Editorial: Cutting pediatric therapy in two to promote inclusion. Part 3: Teaching a child to drink from a cup and other functional skills
'involves the knowledge, understanding and skills of all the people around the child at home or in the nursery'
Drinking from a cup is an early skill and is used here as just one example of what babies and infants might learn in their pre-school years. Drinking is necessary for survival and drinking from a cup, glass or other vessel is a skill most children acquire from their parents and other family members in the family home. For the child there are elements of thirst quenching, pleasurable taste and social activity.

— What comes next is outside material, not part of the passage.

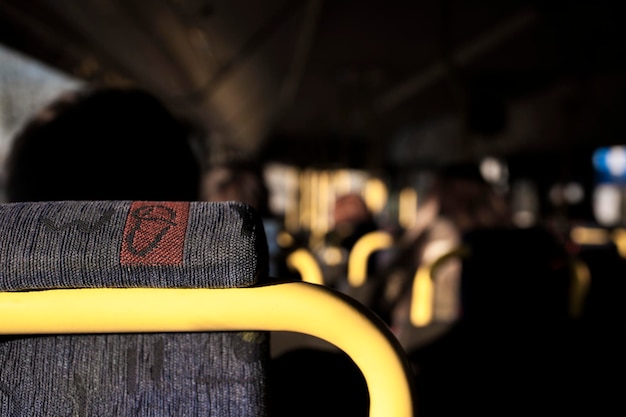 Foto prossimo piano del sedile nell'autobus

Like other baby and infant functional skills*, drinking from a cup is multifaceted and involves the whole child. If we clearly describe the skill we will see its many elements and then know what knowledge, understanding and skills adults must have to teach the child. Each of these elements must be considerd in more or less detail when teaching a child whose multifacted condition requires very careful support for physical, sensory and intellectual development. This applies to all baby and infant functional skills.
I am going to refer to paediatric ‘therapists’ because the term is still in common usage. However, there is certainly no drinking-from-a-cup therapy! When I use the term ‘specialist’ it refers to practitioners who have a professional qualifiaction in some aspect of early child and family support including therapists and teachers.
Success or partial success in drinking from a cup will include:
- Sitting in a chair to a tray or table.
- Understanding the idea of drinking from a cup and knowing it is a sequence of activities.
- Being aware of the presence of the adult who is helping.
- Understanding and responding to a question about wanting a drink.
- Choosing a drink.
- Knowing the cup is on the table, reaching for it and grasping one or two handles.
- Lifting cup to lips. Taking some drink into mouth, closing lips and swallowing.
- Replacing cup on table, releasing grasp.
- Understanding and responding to a question about wanting more.
- Feeling personal satisfaction, understanding and enjoying praise.
There should be four phases in this, the first three being preparatory:
- Parent or nursery staff member (in discussion with family) wanting to embark on teaching a child this skill and then seeking support.
- Pediatric ‘therapists’ having oversight and involvement in any potential health dangers for the child in, for instance, sitting to a table and swallowing effectively.
- Making sure the child has any and all appropriate equipment for the task, for example, chair, cushions, tray/table, cup, non-slip table mat, thickener for drink.
- The fourth phase is the educational one – teaching the child to drink from a cup. This will involve such considerations as the child’s moods and willingness at different times of day, where to start in the drinking-from-a-cup sequence, which words to use and how to communicate them, how to support and prompt movement – all taking into account the child’s physical, sensory and intellectual abilities.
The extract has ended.